Jump Threading - nkurz
http://beza1e1.tuxen.de/articles/jump_threading.html
======
xpaulbettsx
The Windows OS build process does some of this type of optimization too, via a
process called BBT
([http://www.microsoft.com/windows/cse/bit_projects.mspx](http://www.microsoft.com/windows/cse/bit_projects.mspx))
- this is why if you disassemble Windows OS binaries, you'll see some weird
unconditional jumps and other "odd" disassembly

------
DannyBee
" I'm confident termination here can be very directly mapped to solving the
halting problem."

Why?

Iterative dataflow problems, in particular, capturing second order effects,
etc, are very well known things and often do not require solving the halting
problem or anything like it.

Just propagating analysis facts around (IE "i can thread this jump"). In fact,
i'm fairly confident standard jump threading (which this isn't quite) can be
split into an analysis and optimization path.
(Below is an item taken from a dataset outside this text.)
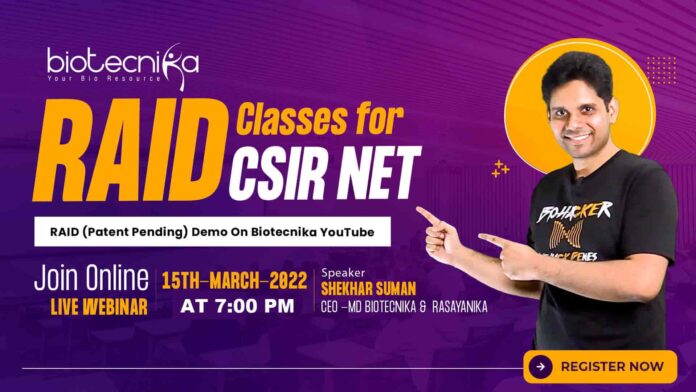 RAID Concept Classes at Biotecnika - Unique Study Methodology for CSIR NET Life Sciences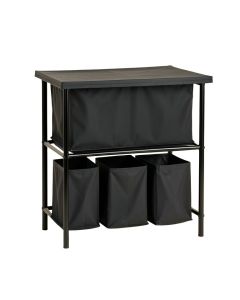 Dawn Bend Laundry Sorting Station With Plain Removable Bags - Black (synthetic illustration; no displayed measurements)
This is because you already know what the CFG will look like if you perform a
particular jump threading.

This is similar to PRE and other situations where you know what the end result
of a given expression being PRE'd will be, and thus, you can figure out
whether what the full end state of the transform will be, regardless of
whether you do it.

In fact, if you couldn't do this, you couldn't do LCM as two unidirectional
dataflow problems.

Jump threading seems much the same. Completely decomposable, regardless of
whether you perform a given path of optimizations or not.

The only question is the expense of doing so.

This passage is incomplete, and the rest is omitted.